I'm afraid that, market forces being what they are, all the Hvorostovskys and Borodinas haven't made their way to the West already. Still, it sounds like there was some good singing to be heard.

Kudos for "demipygous"!

Anonymous said...

Really -- demipygous is the bomb.

Chalkenteros said...

From one katapygon to another, feigned Greek is just fine. As long as the joke works. But for the record, "hemiproktos" would be more precise ;-)

Look forward to hearing your take on the production. And you are SO right about Gorshkov.

JSU said...

Not to be the constant downer, but IMO this didn't even match the tour *after* that one, in which we discovered Diadkova and some photogenic soprano I'd prefer denying I ever liked.
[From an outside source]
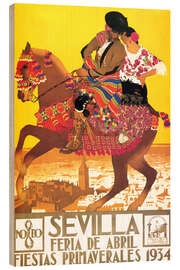 Hout print  Sevilla, Aprilfeesten (Spaans) - Vintage Travel Collection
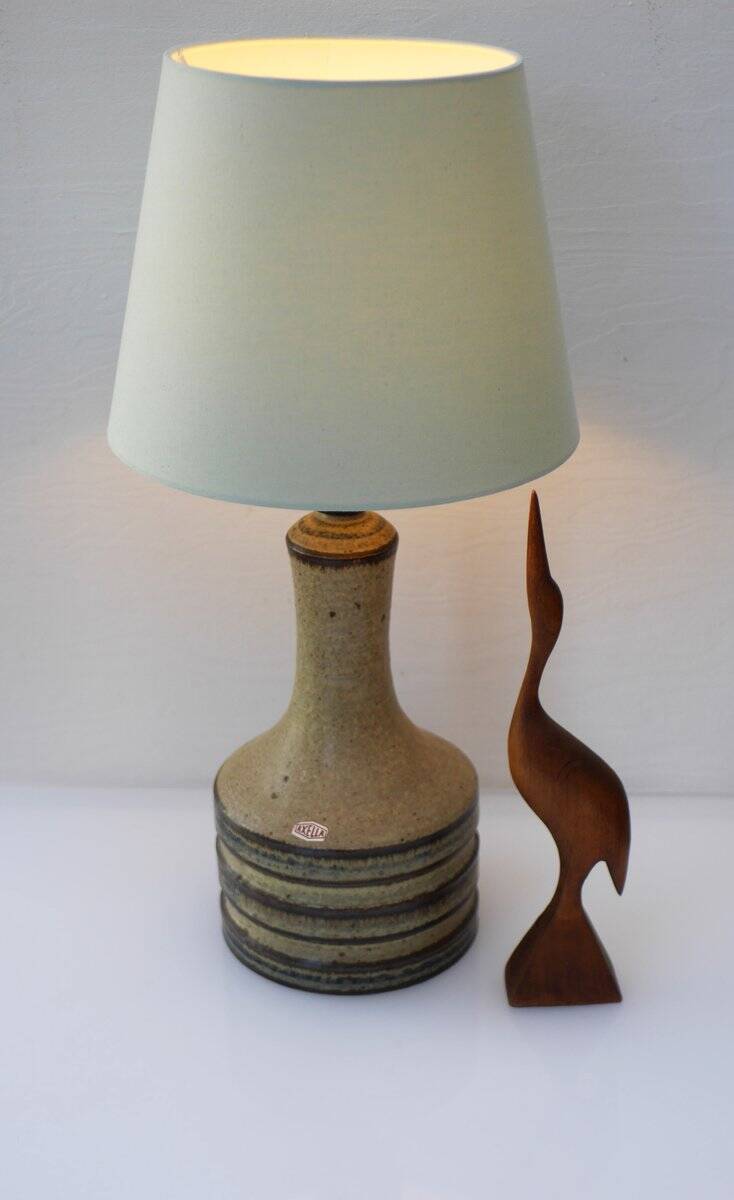 Vintage Danish stoneware pottery table lamp from Axella, 1970s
Why do I say this? Because the current Diadkova blew everyone off the stage in Valkyrie. Not to say there weren't serious bits of talent on show, but nothing in that (finished) class.

Maury D'annato said...

JSU: just for fun, I'm going to make one of my famous wrong predictions: I think Mlada Khudoley is going to be a big star at the Met. I just watched some of her realplayer clips on her site. She'd be an excellent Norma, though of course I have no idea about the size of her voice.

Maury D'annato said...

(Of course two years ((?)) ago I said Villazon was going to be the next standing room sellout and now I'm worried he's going to bust his voice wide open, so here's a giant grain of salt carved to my likeness.)

JSU said...

"Of course two years ((?)) ago I said Villazon was going to be the next standing room sellout and now I'm worried he's going to bust his voice wide open"

Well, you were right. Maybe not for long, but he got there.